Set down a word-for-word copy of the data below, limited to the lines from the first through the line with "Garsoniera Turnu Măgurele".

Stored records:
★ ★ ★ ★ ★

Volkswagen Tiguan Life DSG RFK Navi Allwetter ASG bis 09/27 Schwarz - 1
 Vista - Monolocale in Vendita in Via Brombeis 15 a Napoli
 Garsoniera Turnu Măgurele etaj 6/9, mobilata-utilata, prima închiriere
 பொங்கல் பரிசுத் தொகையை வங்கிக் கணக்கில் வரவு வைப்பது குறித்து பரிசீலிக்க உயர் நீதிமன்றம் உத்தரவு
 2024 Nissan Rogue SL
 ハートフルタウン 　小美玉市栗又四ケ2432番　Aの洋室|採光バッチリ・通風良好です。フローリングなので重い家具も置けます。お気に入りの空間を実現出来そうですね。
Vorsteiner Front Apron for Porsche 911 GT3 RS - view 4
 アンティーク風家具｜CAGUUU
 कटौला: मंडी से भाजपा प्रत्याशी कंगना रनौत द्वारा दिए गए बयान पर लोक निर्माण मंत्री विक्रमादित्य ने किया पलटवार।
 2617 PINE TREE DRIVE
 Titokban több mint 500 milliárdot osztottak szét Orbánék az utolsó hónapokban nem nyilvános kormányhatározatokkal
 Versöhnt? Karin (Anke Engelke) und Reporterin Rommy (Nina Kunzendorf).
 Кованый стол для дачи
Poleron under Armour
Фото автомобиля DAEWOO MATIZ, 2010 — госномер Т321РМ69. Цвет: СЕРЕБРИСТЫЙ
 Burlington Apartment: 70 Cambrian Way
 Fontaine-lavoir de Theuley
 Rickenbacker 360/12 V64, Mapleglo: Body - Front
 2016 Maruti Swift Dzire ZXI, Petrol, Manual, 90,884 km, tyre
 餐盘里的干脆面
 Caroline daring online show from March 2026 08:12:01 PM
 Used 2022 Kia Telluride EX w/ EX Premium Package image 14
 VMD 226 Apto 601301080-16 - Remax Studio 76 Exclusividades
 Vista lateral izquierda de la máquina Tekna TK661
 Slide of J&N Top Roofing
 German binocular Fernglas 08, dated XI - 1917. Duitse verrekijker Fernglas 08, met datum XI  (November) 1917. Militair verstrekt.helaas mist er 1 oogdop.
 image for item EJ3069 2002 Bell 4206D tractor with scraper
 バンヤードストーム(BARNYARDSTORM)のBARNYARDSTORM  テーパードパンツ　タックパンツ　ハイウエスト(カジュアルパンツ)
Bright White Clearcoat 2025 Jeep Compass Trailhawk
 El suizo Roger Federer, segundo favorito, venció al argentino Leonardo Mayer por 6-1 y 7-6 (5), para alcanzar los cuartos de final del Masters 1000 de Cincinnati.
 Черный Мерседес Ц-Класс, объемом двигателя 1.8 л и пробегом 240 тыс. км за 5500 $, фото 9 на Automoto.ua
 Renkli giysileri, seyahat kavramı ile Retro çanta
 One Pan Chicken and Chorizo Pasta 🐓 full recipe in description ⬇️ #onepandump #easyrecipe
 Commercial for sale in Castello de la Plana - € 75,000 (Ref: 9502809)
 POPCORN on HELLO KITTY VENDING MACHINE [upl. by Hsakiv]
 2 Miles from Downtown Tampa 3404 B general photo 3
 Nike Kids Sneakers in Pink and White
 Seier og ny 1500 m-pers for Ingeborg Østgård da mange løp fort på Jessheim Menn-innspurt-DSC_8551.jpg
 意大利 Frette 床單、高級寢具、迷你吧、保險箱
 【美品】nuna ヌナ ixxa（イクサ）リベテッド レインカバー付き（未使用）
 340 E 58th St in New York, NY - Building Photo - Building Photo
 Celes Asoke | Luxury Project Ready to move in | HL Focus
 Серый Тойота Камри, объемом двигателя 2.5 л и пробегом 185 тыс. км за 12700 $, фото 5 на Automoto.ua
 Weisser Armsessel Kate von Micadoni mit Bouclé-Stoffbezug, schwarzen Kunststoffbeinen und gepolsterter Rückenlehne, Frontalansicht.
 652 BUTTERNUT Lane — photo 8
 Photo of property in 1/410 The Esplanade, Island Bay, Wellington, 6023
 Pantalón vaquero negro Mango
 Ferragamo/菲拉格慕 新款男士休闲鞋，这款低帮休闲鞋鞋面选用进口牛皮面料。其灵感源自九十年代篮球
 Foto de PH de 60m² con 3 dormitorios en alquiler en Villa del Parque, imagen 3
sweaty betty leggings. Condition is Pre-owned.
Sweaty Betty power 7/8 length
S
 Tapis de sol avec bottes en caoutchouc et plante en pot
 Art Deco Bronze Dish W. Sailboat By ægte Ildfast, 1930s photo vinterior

★ ★ ★ ★ ★

## RESULT OF THIS TASK
Volkswagen Tiguan Life DSG RFK Navi Allwetter ASG bis 09/27 Schwarz - 1
 Vista - Monolocale in Vendita in Via Brombeis 15 a Napoli
 Garsoniera Turnu Măgurele etaj 6/9, mobilata-utilata, prima închiriere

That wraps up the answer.